In fact, if I imagined an ideal technical infrastructure for addressing this, linked data actually would be a really good fit here! But it could be solved without linked data too, and coming up with a really good linked data implementation won’t solve it, the problems are not mainly technical.  We primarily need common identifiers in use between systems, and the barriers to that happening are not that the systems are not using “linked data”.

Google Books won’t link out to me

Google Scholar links back to my systems using OpenURL links. This is great for getting a user who choses to use Google Scholar for discovery back to me to provide access through a licensed or owned copy of what they want. (There are problems with Google Scholar knowing what institution they belong to so they can link back to the right place, but let’s leave that aside for now, it’s still way better than not being there).

I wish Google Books did the same thing. For that matter, I wish Amazon did the same thing. And lots of other people.

They don’t because they have no interest in doing so. Linked data won’t help, even though this is definitely an issue of, well, linking data.

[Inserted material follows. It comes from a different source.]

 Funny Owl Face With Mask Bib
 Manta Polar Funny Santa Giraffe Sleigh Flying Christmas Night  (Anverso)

OpenURL, a standard frozen in time

Oh yeah, so let’s talk about OpenURL. It’s been phenomenally succesful in terms of adoption in the library industry. And it works. It’s better that it exists than if it didn’t. It does help link disparate systems from different vendors.

The main problem is that it’s basically abandoned, I don’t know if there’s technically a maintanance group, but if there is, they aren’t doing much to improve OpenURL for scholarly citation linking, the use case it’s been successful in.

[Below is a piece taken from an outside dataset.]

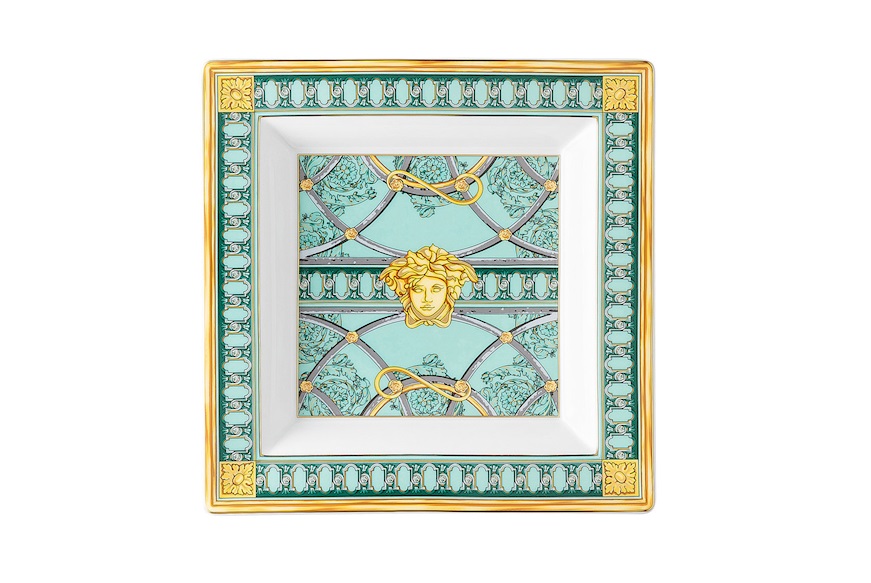 Coppa quadra La scala del Palazzo porcellana verde Versace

For instance, I wish there was a way to identify a citation as referring to a video or audio piece in OpenURL, but there isn’t.

Now, theoretically the “open for extension” aspect of linked data seems relevant here. If things were linked data and you needed a new data element or value, you could just add one. But really, there’s nothing stopping people from doing that with OpenURL now. Even if technically not allowed, you can just decide to say `&genre=video` in your OpenURL, and it probably won’t disturb anything (or you can figure out a way to do that not using the existing `genre` key that really won’t disturb anything).

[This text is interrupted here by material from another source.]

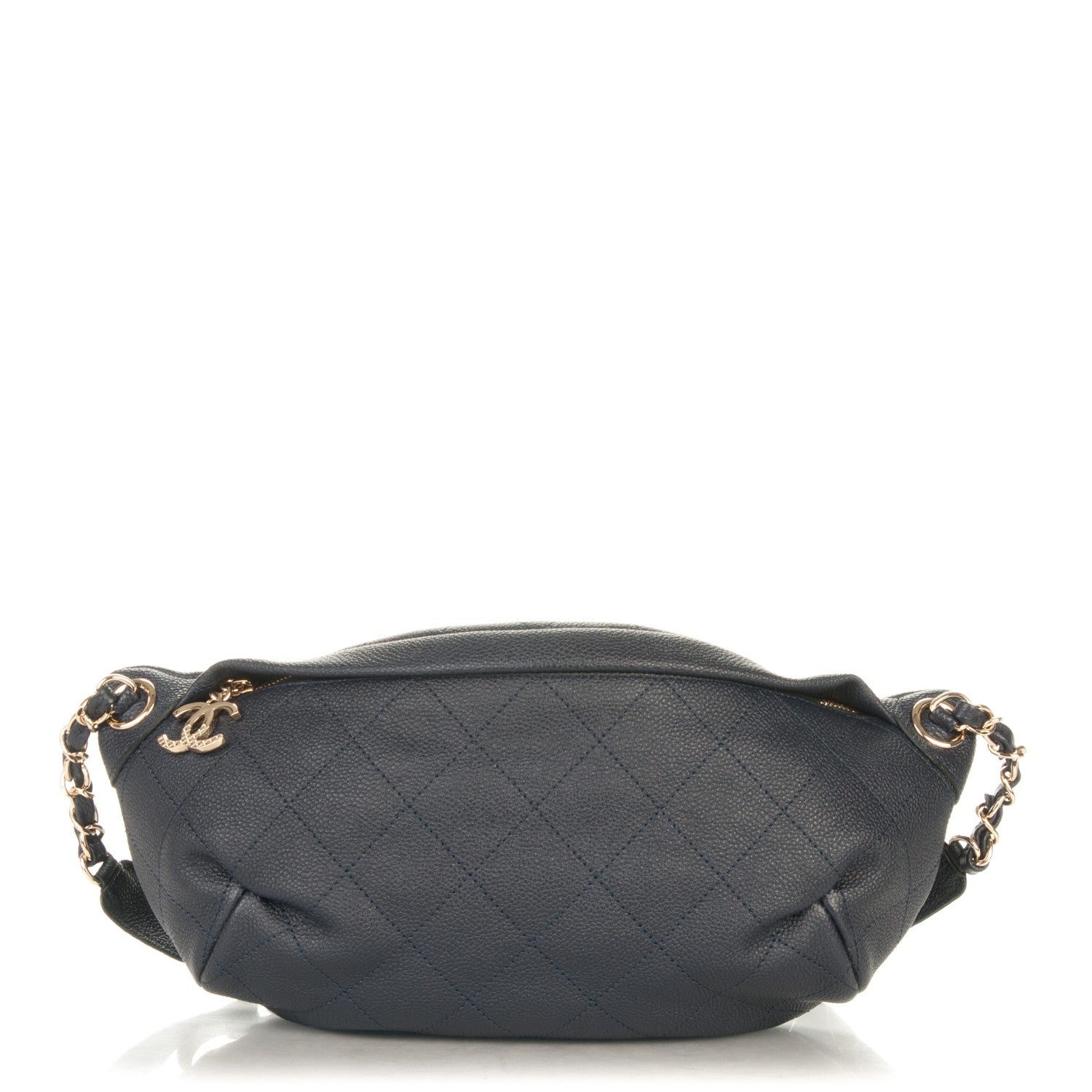 Chanel Caviar Stitched Zip and Carry Fanny Pack Navy Blue 1 of 7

The problem is that nothing will recognize it and do anything useful with it, and nobody is generating OpenURLs like that too.  It’s not really an ‘open for extension’ problem, it’s a problem of getting the ecosystem to do it, of vocabulary consensus and implementation. That’s not a problem that linked data solves.

Linking from the open web to library copies

One of the biggest challenges always in the background of my work, is how we get people from the “open web” to our library owned and licensed resources and library-provided services. (Umlaut is engaged in this “space”).

This is something I’ve written about before  (more times than that), so I won’t say too much more about it here.

How could linked data play a role in solving this problem? To be sure, if every web page everywhere included schema.org-type information fully specifying the nature of the scholarly works it was displaying, citing, or talking about — that would make it a lot easier to find a way to take this information and transfer the user to our systems to look up availability for the item cited.  If every web page exposed well-specified machine-accessible data in a way that wasn’t linked-data-based, that would be fine too. But something like schema.org does look like the best bet here — but it’s not a bet I’d wager anything of significance on.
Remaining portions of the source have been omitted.